Operators should be on-station and operational by 9 AM.

Use any and all radio-only means of communication at your disposal that is not dependent on local infrastructure (no repeaters or hotspots/Internet linking). HF, VHF, UHF. FM, SSB, digital voice, NBEMS, Winlink (peer-to-peer, or to any RMS outside the affected area because we are not assuming the power and communications emergency covers more than the NNY counties), VarAC, CW, etc. If CB or GMRS works, use it. Maybe this is a way to get some non-licensed people interested. Remember, all repeaters are not operational because even if they survived the ice and wind, they are out of power.**

County nets will gather status reports and exchange other messages. At 10 AM, a section net will be established. County reports will be sent to the section EC or his designee and information, instructions, or requests for information may be sent back to the counties. The net will operate until all traffic is passed. On the assumption that everyone is operating on limited power, the HF net may shut down and a second session will open at 11 AM, and a final session at noon. (We may not want to relinquish a frequency once we have it because it may be hard to find another clear frequency.)  County nets may remain operational to pass additional information or messages from deployed locations or from the state/section to the EOC or from the EOC or ICP to other individual locations.

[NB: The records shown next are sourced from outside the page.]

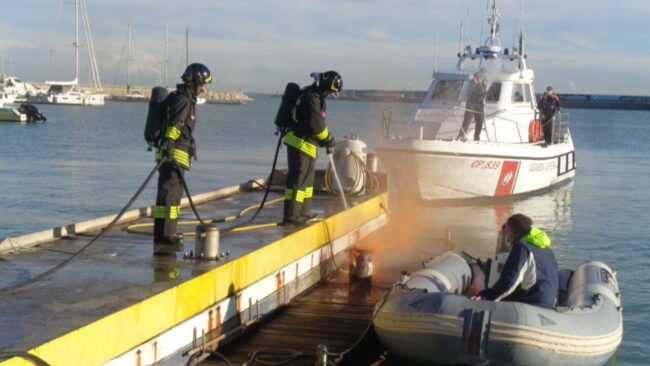 esercitazione-guardia-costiera-2-650x366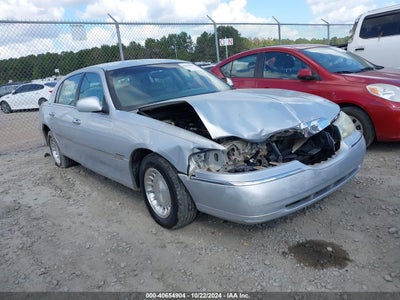 LINCOLN TOWN CAR 2002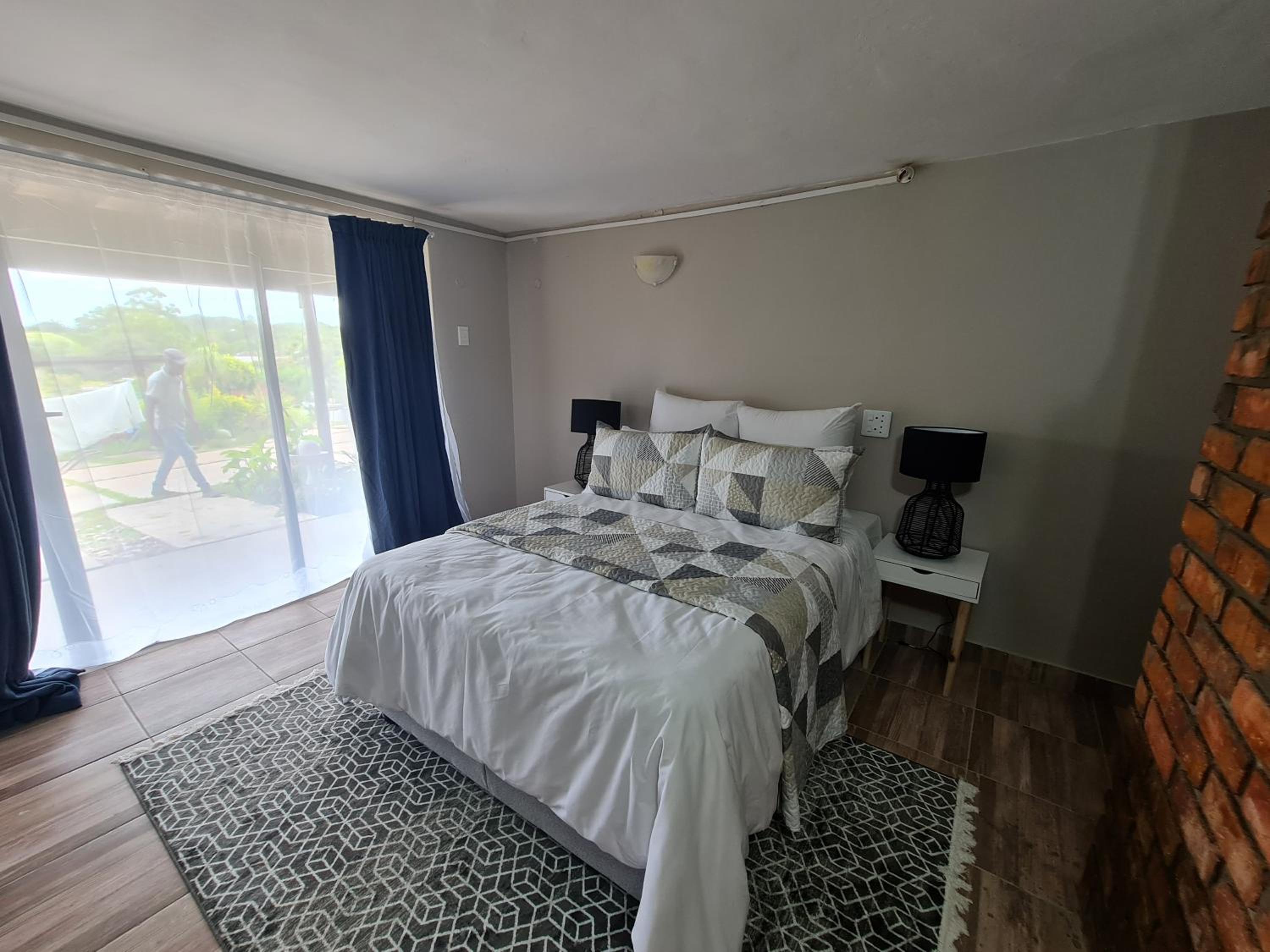 Deluxe Double Room with Shower - Photo 16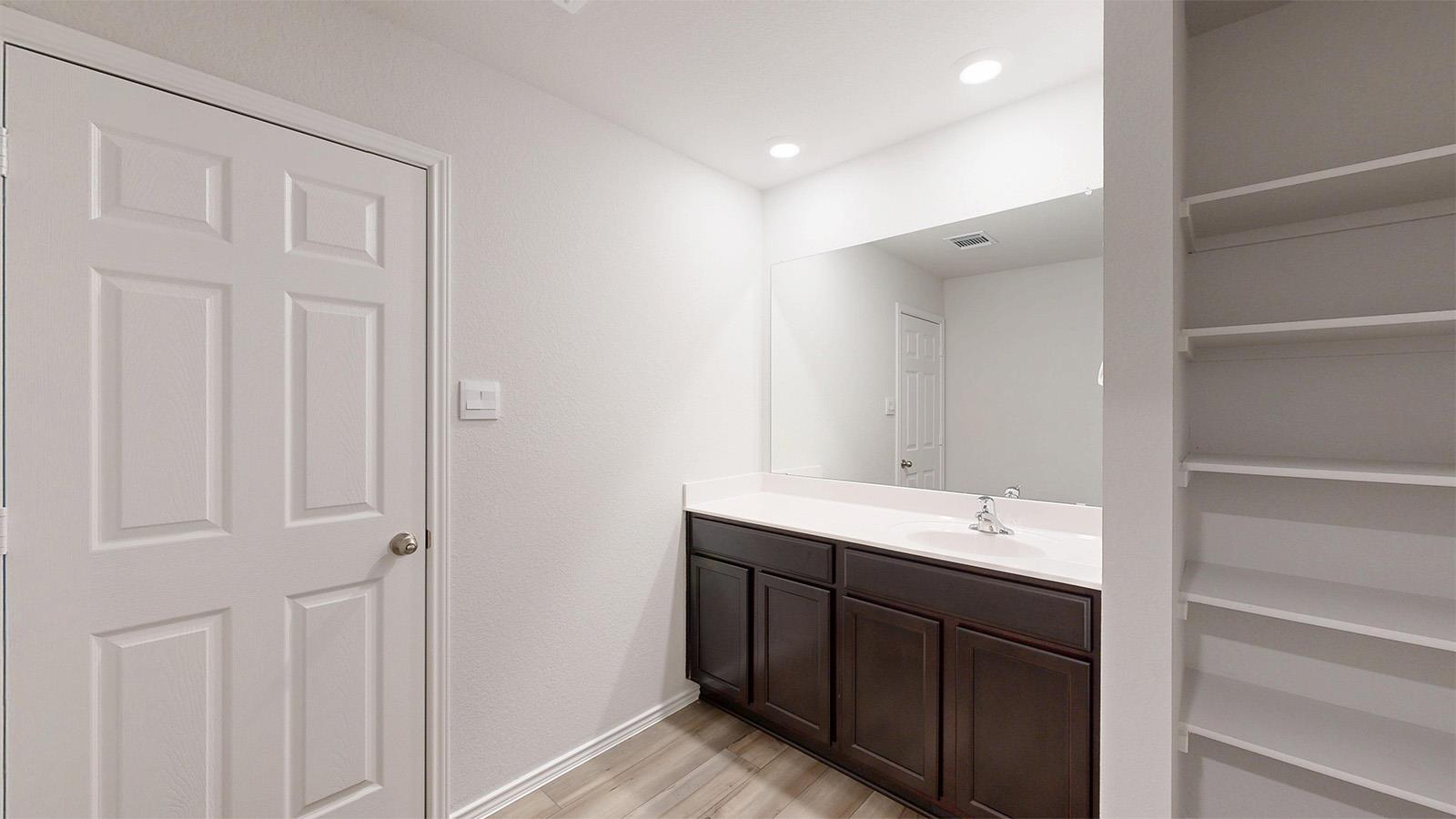 Image 11 of 27 For 6801 Gilbert Dr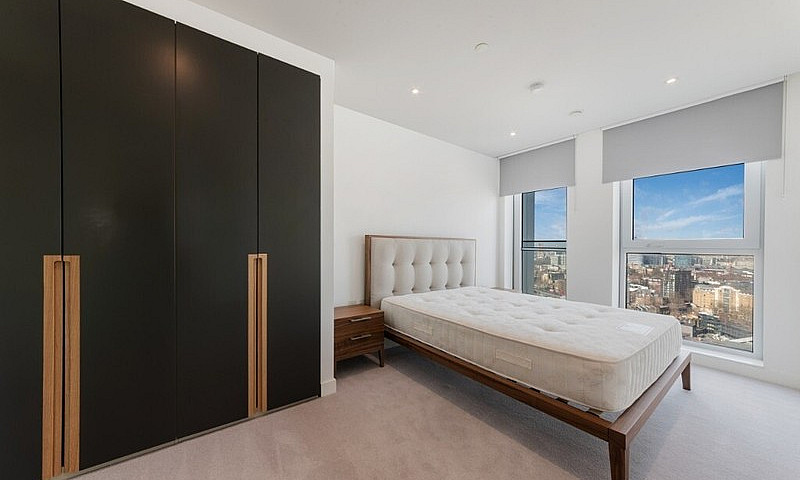 3 Bed 2 Bath, 21St F...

The Section Manager (Rocco WU2M) will be on the air in a location near Albany as the simulated radio operator/message handler interfacing with NYS DHSES. 

The details of section HF net operation are TBD pending the next planning meeting but my suggestion is to exercise voice, NBEMS digital, and Winlink either peer-to-peer or by connection to RMS stations outside the affected area. 
 
The section SET planning committee will be meeting again shortly, and additional details of the section exercise will be available. 

Each participating county ARES will generate and execute a plan for the county that fits with the group's interests, capabilities, and training goals; and anticipates possible county emergency response needs.

**  The scenario is that due to the extended emergency situation which includes bad weather and blocked roads, there is no commercial power to repeater sites and no way to refuel generators or recharge batteries. The primary reason that hams have been brought in is because of the degraded public safety radio systems. Even if repeaters are not physically damaged, they have no power. This includes ham radio repeaters, local packet/Winlink/APRS nodes, etc. The objective is to "cover the county" and effect coms to NYS DHSES without relying on infrastructure. However, if you feel you can't involve everyone without repeater use, then do what you have to do.to get participation. Possibly this is an opportunity to have an antenna-building project before or after the SET. 

This plan outline has been provided to all NNY ECs. There is a committee working out the section plan details. Each county will tailor a local plan to fit their situation.